This report presents an analysis of housing prices and home characteristics using the HomesForSale dataset. The objective of this report is to answer the following five questions about how certain characteristics affect a home’s price:
Here we will analyze the questions in further detail using R.
home = read.csv("https://www.lock5stat.com/datasets3e/HomesForSale.csv")
head(home)
## State Price Size Beds Baths
## 1 CA 533 1589 3 2.5
## 2 CA 610 2008 3 2.0
## 3 CA 899 2380 5 3.0
## 4 CA 929 1868 3 3.0
## 5 CA 210 1360 2 2.0
## 6 CA 268 2131 3 2.0
CA = subset(home, State == "CA")
model1 = lm(Price ~ Size, data = CA)
summary(model1)
##
## Call:
## lm(formula = Price ~ Size, data = CA)
##
## Residuals:
## Min 1Q Median 3Q Max
## -462.55 -139.69 39.24 147.65 352.21
##
## Coefficients:
## Estimate Std. Error t value Pr(>|t|)
## (Intercept) -56.81675 154.68102 -0.367 0.716145
## Size 0.33919 0.08558 3.963 0.000463 ***
## ---
## Signif. codes: 0 '***' 0.001 '**' 0.01 '*' 0.05 '.' 0.1 ' ' 1
##
## Residual standard error: 219.3 on 28 degrees of freedom
## Multiple R-squared: 0.3594, Adjusted R-squared: 0.3365
## F-statistic: 15.71 on 1 and 28 DF, p-value: 0.0004634
plot(CA$Size, CA$Price,
main = "Home Size vs Price (California)",
xlab = "Size (1,000 sq ft)",
ylab = "Price ($1,000s)",
pch = 19)
abline(model1, col = "red", lwd = 2)
model2 = lm(Price ~ Beds, data = CA)
summary(model2)
##
## Call:
## lm(formula = Price ~ Beds, data = CA)
##
## Residuals:
## Min 1Q Median 3Q Max
## -413.83 -236.62 29.94 197.69 570.94
##
## Coefficients:
## Estimate Std.
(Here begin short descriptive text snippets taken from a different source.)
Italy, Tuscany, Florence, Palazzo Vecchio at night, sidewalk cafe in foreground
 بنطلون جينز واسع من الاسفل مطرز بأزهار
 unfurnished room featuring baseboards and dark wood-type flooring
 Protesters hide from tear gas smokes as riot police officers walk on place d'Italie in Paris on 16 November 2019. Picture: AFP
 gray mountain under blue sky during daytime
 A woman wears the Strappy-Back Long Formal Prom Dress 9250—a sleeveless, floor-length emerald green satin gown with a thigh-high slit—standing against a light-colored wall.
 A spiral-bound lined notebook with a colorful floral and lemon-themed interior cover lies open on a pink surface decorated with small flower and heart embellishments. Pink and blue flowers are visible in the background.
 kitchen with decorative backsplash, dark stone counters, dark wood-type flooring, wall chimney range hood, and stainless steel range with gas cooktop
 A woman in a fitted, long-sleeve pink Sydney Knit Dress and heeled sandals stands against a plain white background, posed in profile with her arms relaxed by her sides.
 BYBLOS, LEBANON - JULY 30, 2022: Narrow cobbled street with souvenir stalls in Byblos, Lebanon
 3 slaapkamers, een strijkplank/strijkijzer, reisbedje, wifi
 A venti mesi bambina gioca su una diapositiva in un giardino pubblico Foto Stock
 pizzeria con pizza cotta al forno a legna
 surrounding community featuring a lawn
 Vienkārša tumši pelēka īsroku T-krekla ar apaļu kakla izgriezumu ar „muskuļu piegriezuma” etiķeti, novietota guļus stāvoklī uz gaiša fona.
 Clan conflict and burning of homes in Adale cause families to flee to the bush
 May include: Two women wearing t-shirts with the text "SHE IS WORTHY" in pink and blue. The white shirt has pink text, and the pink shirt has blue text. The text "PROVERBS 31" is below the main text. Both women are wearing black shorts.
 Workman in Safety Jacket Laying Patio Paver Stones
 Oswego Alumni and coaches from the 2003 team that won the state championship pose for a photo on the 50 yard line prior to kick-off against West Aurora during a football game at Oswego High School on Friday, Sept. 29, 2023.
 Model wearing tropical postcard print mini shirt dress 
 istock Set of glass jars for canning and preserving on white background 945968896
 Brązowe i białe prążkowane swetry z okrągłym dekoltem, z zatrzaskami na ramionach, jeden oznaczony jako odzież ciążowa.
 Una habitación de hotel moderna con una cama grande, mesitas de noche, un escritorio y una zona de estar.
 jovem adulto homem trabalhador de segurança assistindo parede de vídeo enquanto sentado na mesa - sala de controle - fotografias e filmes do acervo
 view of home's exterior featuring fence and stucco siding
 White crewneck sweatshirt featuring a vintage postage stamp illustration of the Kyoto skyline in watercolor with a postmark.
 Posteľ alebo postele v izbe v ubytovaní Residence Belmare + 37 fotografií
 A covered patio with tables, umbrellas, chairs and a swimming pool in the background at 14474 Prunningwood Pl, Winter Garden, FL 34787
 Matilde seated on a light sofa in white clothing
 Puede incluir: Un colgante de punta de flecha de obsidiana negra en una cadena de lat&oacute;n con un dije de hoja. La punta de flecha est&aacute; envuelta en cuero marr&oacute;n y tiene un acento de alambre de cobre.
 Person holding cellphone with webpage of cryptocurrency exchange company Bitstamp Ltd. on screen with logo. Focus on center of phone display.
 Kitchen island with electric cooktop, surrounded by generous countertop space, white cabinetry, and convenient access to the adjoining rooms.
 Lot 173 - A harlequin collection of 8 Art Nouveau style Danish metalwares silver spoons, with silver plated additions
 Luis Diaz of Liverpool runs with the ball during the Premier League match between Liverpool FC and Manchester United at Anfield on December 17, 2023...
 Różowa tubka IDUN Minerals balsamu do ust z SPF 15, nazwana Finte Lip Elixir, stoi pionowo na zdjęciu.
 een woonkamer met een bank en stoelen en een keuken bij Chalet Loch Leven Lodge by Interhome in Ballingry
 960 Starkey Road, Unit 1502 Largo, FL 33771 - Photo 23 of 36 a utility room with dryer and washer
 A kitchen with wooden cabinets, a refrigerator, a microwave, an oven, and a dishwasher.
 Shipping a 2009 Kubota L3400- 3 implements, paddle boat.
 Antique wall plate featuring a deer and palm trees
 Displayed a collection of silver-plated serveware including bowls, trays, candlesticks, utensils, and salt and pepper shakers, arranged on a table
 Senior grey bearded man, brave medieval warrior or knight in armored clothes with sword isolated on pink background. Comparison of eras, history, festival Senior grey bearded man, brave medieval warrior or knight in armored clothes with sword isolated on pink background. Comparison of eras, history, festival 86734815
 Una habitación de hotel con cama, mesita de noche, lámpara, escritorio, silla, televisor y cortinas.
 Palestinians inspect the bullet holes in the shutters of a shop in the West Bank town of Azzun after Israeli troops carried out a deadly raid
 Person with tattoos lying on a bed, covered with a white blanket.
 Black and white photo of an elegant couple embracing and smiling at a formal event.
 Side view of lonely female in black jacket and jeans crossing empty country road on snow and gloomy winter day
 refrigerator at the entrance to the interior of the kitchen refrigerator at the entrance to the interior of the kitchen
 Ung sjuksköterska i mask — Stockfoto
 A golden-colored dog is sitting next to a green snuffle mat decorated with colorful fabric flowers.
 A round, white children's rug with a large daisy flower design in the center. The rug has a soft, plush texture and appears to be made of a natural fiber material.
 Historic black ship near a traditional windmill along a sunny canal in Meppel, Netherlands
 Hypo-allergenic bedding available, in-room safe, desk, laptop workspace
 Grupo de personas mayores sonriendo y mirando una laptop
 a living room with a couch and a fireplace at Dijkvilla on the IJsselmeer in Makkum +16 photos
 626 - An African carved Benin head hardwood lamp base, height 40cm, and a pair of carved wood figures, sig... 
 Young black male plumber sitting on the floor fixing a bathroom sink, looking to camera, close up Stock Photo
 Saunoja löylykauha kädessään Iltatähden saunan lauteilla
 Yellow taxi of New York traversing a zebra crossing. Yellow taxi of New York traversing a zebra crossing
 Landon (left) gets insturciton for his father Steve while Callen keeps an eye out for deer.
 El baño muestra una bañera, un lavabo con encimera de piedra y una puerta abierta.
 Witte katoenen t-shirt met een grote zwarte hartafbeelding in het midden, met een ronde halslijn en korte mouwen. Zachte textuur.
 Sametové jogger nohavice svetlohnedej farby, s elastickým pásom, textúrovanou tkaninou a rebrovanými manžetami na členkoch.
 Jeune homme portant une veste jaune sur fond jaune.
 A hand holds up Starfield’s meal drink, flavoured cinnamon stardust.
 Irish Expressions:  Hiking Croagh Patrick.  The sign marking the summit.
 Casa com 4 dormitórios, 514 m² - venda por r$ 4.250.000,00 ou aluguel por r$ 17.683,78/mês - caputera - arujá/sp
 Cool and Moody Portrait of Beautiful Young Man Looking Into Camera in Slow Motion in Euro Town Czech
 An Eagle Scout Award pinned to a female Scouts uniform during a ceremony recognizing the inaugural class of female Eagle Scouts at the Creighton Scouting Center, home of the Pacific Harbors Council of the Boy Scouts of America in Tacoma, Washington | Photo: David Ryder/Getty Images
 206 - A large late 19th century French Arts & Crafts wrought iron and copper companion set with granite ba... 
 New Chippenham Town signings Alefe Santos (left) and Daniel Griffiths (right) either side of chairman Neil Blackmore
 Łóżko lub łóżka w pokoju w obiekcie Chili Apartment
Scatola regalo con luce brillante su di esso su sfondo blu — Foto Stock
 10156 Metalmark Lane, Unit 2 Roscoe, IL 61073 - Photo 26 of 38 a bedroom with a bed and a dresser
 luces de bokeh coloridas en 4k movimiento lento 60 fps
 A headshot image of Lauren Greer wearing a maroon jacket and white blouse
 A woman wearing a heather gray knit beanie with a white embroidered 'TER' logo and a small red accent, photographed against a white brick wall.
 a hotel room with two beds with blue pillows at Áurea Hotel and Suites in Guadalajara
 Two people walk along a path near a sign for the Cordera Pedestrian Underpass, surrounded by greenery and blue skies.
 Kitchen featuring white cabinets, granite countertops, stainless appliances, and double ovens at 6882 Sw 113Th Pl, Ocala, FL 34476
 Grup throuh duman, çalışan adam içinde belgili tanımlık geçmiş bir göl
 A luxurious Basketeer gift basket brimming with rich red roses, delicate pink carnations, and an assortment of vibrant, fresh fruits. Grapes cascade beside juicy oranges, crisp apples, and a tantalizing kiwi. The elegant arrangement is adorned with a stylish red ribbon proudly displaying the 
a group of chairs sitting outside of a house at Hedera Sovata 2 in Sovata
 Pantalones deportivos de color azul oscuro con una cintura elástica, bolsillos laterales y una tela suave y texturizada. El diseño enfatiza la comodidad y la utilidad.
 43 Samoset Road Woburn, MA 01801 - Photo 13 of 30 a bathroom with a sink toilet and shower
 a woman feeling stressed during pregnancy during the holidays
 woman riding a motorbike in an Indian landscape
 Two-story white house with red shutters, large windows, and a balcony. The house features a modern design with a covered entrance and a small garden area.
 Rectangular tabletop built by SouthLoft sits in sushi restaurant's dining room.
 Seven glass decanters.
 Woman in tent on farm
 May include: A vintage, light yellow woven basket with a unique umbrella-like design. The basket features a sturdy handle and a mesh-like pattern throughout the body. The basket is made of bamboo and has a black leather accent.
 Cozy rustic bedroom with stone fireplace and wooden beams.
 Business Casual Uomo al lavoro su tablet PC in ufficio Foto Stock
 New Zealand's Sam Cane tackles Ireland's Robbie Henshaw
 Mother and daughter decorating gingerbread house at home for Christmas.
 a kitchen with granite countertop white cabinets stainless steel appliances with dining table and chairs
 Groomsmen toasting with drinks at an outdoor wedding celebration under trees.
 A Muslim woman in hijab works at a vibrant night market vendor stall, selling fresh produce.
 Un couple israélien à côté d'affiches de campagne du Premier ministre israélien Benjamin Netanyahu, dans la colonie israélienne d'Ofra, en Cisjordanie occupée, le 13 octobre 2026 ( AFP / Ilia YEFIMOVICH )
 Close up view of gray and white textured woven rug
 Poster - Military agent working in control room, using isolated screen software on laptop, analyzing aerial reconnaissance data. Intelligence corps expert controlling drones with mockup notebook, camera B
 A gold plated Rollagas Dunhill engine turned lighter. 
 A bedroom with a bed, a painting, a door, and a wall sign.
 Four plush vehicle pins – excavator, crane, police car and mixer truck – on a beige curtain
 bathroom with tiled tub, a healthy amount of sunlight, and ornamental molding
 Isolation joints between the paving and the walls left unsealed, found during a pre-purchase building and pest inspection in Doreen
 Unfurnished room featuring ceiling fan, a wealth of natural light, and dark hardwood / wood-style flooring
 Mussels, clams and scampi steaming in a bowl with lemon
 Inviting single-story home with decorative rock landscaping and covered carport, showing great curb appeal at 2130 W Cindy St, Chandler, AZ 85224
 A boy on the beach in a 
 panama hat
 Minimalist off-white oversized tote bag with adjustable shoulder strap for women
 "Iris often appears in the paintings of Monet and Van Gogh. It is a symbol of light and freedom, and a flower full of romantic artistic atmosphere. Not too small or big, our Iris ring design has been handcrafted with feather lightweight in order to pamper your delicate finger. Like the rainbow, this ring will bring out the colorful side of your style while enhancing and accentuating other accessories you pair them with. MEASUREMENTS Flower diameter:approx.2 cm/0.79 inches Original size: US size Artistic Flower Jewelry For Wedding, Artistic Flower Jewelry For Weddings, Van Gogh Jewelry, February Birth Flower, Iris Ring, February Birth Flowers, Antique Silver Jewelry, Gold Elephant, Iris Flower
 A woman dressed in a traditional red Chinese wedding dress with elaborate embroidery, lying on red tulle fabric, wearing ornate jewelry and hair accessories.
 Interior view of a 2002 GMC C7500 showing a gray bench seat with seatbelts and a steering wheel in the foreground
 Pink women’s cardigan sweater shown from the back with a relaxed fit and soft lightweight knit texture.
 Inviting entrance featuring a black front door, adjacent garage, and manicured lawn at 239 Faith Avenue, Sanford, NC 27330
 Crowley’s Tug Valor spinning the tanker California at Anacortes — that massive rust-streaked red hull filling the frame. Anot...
Error t value Pr(>|t|)
## (Intercept) 269.76 233.62 1.155 0.258
## Beds 84.77 72.91 1.163 0.255
##
## Residual standard error: 267.6 on 28 degrees of freedom
## Multiple R-squared: 0.04605, Adjusted R-squared: 0.01198
## F-statistic: 1.352 on 1 and 28 DF, p-value: 0.2548
boxplot(Price ~ Beds, data = CA,
main = "Bedrooms vs Price (California)",
xlab = "Number of Bedrooms",
ylab = "Price ($1,000s)")
model3 = lm(Price ~ Baths, data = CA)
summary(model3)
##
## Call:
## lm(formula = Price ~ Baths, data = CA)
##
## Residuals:
## Min 1Q Median 3Q Max
## -374.93 -181.56 -2.74 152.31 614.81
##
## Coefficients:
## Estimate Std. Error t value Pr(>|t|)
## (Intercept) 90.71 148.57 0.611 0.54641
## Baths 194.74 62.28 3.127 0.00409 **
## ---
## Signif. codes: 0 '***' 0.001 '**' 0.01 '*' 0.05 '.' 0.1 ' ' 1
##
## Residual standard error: 235.8 on 28 degrees of freedom
## Multiple R-squared: 0.2588, Adjusted R-squared: 0.2324
## F-statistic: 9.779 on 1 and 28 DF, p-value: 0.004092
boxplot(Price ~ Baths, data = CA,
main = "Bathrooms vs Price (California)",
xlab = "Number of Bathrooms",
ylab = "Price ($1,000s)")
model4 = lm(Price ~ Size + Beds + Baths, data = CA)
summary(model4)
##
## Call:
## lm(formula = Price ~ Size + Beds + Baths, data = CA)
##
## Residuals:
## Min 1Q Median 3Q Max
## -415.47 -130.32 19.64 154.79 384.94
##
## Coefficients:
## Estimate Std. Error t value Pr(>|t|)
## (Intercept) -41.5608 210.3809 -0.198 0.8449
## Size 0.2811 0.1189 2.364 0.0259 *
## Beds -33.7036 67.9255 -0.496 0.6239
## Baths 83.9844 76.7530 1.094 0.2839
## ---
## Signif. codes: 0 '***' 0.001 '**' 0.01 '*' 0.05 '.' 0.1 ' ' 1
##
## Residual standard error: 221.8 on 26 degrees of freedom
## Multiple R-squared: 0.3912, Adjusted R-squared: 0.3209
## F-statistic: 5.568 on 3 and 26 DF, p-value: 0.004353
plot(model4$fitted.values, model4$residuals,
main = "Residual Plot for Multiple Regression (California)",
xlab = "Fitted Values",
ylab = "Residuals",
pch = 19)
abline(h = 0, col = "red", lwd = 2)
model5 = aov(Price ~ State, data = home)
summary(model5)
## Df Sum Sq Mean Sq F value Pr(>F)
## State 3 1198169 399390 7.355 0.000148 ***
## Residuals 116 6299266 54304
## ---
## Signif. codes: 0 '***' 0.001 '**' 0.01 '*' 0.05 '.' 0.1 ' ' 1
boxplot(Price ~ State, data = home,
main = "Home Prices by State",
xlab = "State",
ylab = "Price ($1,000s)")
Larger homes tend to be significantly more expensive in California.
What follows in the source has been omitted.